There’s something about it that resisted the juvenilization that beset most other forms of rock that have come down the pike since 1951. Beginning with the jump blues of Louis Jordan, Johnny Otis, Big Jay McNeely, Tiny Bradshaw et al, continuing through the great doo-wop of the early-to-mid-50s - The Robins, The Clovers, Billy Ward and the Dominoes, The Moonglows, The Drifters - and on into the golden age of soul - Ray Charles, Solomon Burke, Wilson Pickett, O.V. Wright, Sam & Dave, Ike & Tina, etc. - it sounds like music made by men and women, human beings who have not only accumulated some experience, but felt that experience work a lasting effect on their worldviews.
The gospel rasp that comes through all this music ties it to the sanctified strain in American music, so that there’s an undeniable acknowledgement of spirit in even the most secular, slinky, grinding examples of it. Its fervor is the most direct and raw articulation of that tension between the devil’s music and the inclination toward the sacred that had characterized blues going back to the days of Son House and Ishman Bracey.

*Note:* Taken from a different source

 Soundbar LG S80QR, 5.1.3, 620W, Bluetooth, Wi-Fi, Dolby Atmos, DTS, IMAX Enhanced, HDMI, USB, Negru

It’s unmistakably American music, in a way that does us all proud. For all its immersion in a particular ethnic identity (something that was achieved without any self-consciousness or political overtones), there’s a white contribution to it that infuses it with a backwoods twang. See my Suite 101.com article “What Country and Southern Rock Owe To Classic Soul Music” for an in-depth look at this. Syd Nathan, Jerry Wexler, Sam Phillips, Jim Stewart and Estelle Axton, Quentin Claunch, Chips Moman and Steve Cropper were as important to the making of this music as anybody.
Finally, it’s one of the last forms of American music that is rooted in a sense of community. For all the waywardness and antics of many of the genre’s most legendary figures, they lived and worked in a milieu still defined by standards and norms tha came from bedrock civic institutions, beginning with the family (a much more intact unit in those days), and including the church, the school, and the neighborhood YMCA.
In my novel, High C at the Sunset Terrace, there’s a scene in which the protagonist, Marvin, is back in his hometown, off the road for a couple of days for Thanksgiving. He and his nephew Donny are standing in Marvin’s sister’s kitchen after the holiday dinner:
“So, is New York happening? A lot of good times?” asked Donny.
“What do you mean?” asked Marvin.
“Well, like parties, you know, lots of people, like The Avenue, only bigger,” replied Donny.
Marvin looked at Donny. “If you mean can you get anything you want any time of the day or night, the answer’s yes. But you need to know that most of it’s no damn good for you, and the rest of it yu need to keep a level head about. Now, I hope that answers your question.”
“Yes, Uncle Marvin.”
So the music is a thread in a social fabric. It doesn’t lend itself to solitary ipod consumption.
Oh, to see that kind of groove return to our culture.